Ma questo non l'aiutò a sentirsi meglio. «Avrei davvero voluto salvarla. Non avevamo un gran rapporto, ma quando ho avuto bisogno d'aiuto lei è stata molto gentile con me».
«Non me la immagino Ymir gentile» Jean si corrucciò in un'espressione quasi nauseata.
«Beh, a modo suo lo è stata» ridacchiò Beatris. «Mi ha dato dei buoni consigli, mi hanno aiutata molto. E comunque non meritava quella fine: non aveva un bel carattere, ma era una brava persona. Anche lei, come me, è solo stata vittima degli eventi e di un mondo troppo crudele».
«Già» sospirò Jean. «Questo mondo è davvero crudele» e ora che lo conoscevano meglio, potevano affermarlo con più convinzione. Era un mondo dove la gente veniva uccisa o maltrattata solo per essere venuta al mondo, e non c'era niente di più spietato. Sarebbero mai riusciti a uscirne?
«Voglio andarmene però con una bella notizia!» esclamò improvvisamente Jean, rompendo il silenzio opprimente che li aveva per un attimo ammutoliti entrambi. «A Shiganshina i lavori di ristrutturazione proseguono alla grande, e proprio l'ultima volta che ci siamo stati ho visto che avevano appena finito di sistemare anche casa tua».
«Davvero?!» chiese Beatris, spalancando gli occhi felice.

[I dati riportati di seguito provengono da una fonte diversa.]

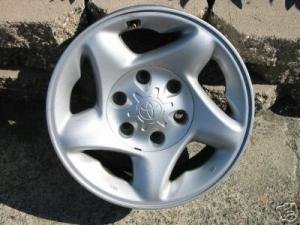 7390d1131135023-sequoia-tacoma-rims-2001_80b0ce0dc99220f47ff7eca900d8f224815715d4.jpg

Jean annuì. «Adesso è come nuova. Ma verrà sicuramente messa in vendita e abitata da qualcun altro...» mormorò, grattandosi la nuca. «Scusa, volevo darti una bella notizia e invece non lo è stata. Mi sa che ho peggiorato la situazione».
Beatris negò vigorosamente con la testa e si allargò in un sorriso felice. «Affatto! Mi avrebbe pianto il cuore sapendo che sarebbe rimasta vuota per sempre, se non per i suoi fantasmi. Sono felice di sapere che qualcun altro le darà nuova vita».
Jean sorrise intenerito e infine si alzò in piedi. «Beh, la prossima volta mi racconterai qualcosa di casa tua, ok?»
«Vai già via?» gli chiese, profondamente abbattuta.
«Sì, mi dispiace. Sono riuscito a chiedere solo questa scarsa mezz'ora di permesso, ora devo tornare al lavoro. Ma oggi è lunedì, verrà qualcun altro a tenerti compagnia, tranquilla! Ho sentito Mikasa dire che sarebbe passata nel pomeriggio e Sasha voleva portarti qualcosa cucinata da Nicolò per fartelo assaggiare».
«Il cuoco marleyano?»
«Sì, esatto. È uno dei volontari. Hanno legato molto quei due ultimamente» ridacchiò e infine le fece un gesto con la mano. «Allora, ci vediamo la prossima settimana».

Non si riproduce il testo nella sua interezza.